The past two weeks of my life have been momentous. I began uploading brief snippets of my compositions onto TikTok and just a few hours ago I had hit 10,000 followers. I am in disbelief that that many people care enough about my music to follow me. I have received so many warm comments it's overwhelming. I'm still in shock that people actually like my music. I feel so incredibly grateful. This all feels like a dream. Prior to these last couple of weeks, I received little recognition for my work. I am still very grateful for the few who complimented and took the time out of their day to listen to my pieces, but I always felt like I would never succeed as a composer because I wasn't good enough. I despised my compositions, and literally burned countless manuscripts out of pure self-hatred.
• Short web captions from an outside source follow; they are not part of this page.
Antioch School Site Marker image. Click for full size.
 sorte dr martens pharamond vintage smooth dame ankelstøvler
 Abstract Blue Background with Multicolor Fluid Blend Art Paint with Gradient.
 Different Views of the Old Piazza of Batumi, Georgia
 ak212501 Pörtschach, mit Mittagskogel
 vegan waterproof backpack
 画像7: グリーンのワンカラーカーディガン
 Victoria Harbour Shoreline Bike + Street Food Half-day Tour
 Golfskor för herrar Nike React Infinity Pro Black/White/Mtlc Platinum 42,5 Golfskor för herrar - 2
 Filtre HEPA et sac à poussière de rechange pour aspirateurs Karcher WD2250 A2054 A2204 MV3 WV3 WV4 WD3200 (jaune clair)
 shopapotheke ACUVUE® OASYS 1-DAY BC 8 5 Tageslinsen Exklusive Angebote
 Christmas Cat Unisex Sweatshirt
On the 3rd of March, 11:56 PM, I sold my very first score - the 1st Raindrop Waltz in B Minor. I cannot believe that someone else actually cares for my music enough to be willing to spend money on purchasing the score. I am completely overwhelmed by feelings of happiness I have never experienced before. While I compose music because it gives my life meaning and allows me to convey myself in manners that aren't possible through words, seeing other people enjoy my work gives me so much hope as an artist, and I will forever be grateful for that. This is a moment I will always remember. Thank you, Kiana.
On other matters, I am completely swamped with the 28 credits I'm currently enrolled in. The past few assignments I worked on were turned in just moments before the due date. I need to learn how to manage my time better. Besides school, I want to finish notating my set of nocturnes and publish them. My new piano is said to arrive in one day, which means that I will soon be able to record my pieces on a piano that is not only in tune but also has fully functioning keys and pedals. I am very excited for that! Lastly, I want to finish writing my first symphony and publish it. When I do publish it, I believe that it will be my greatest work for quite some time. I have been obsessed with the main theme for far too long. It needs to be completed.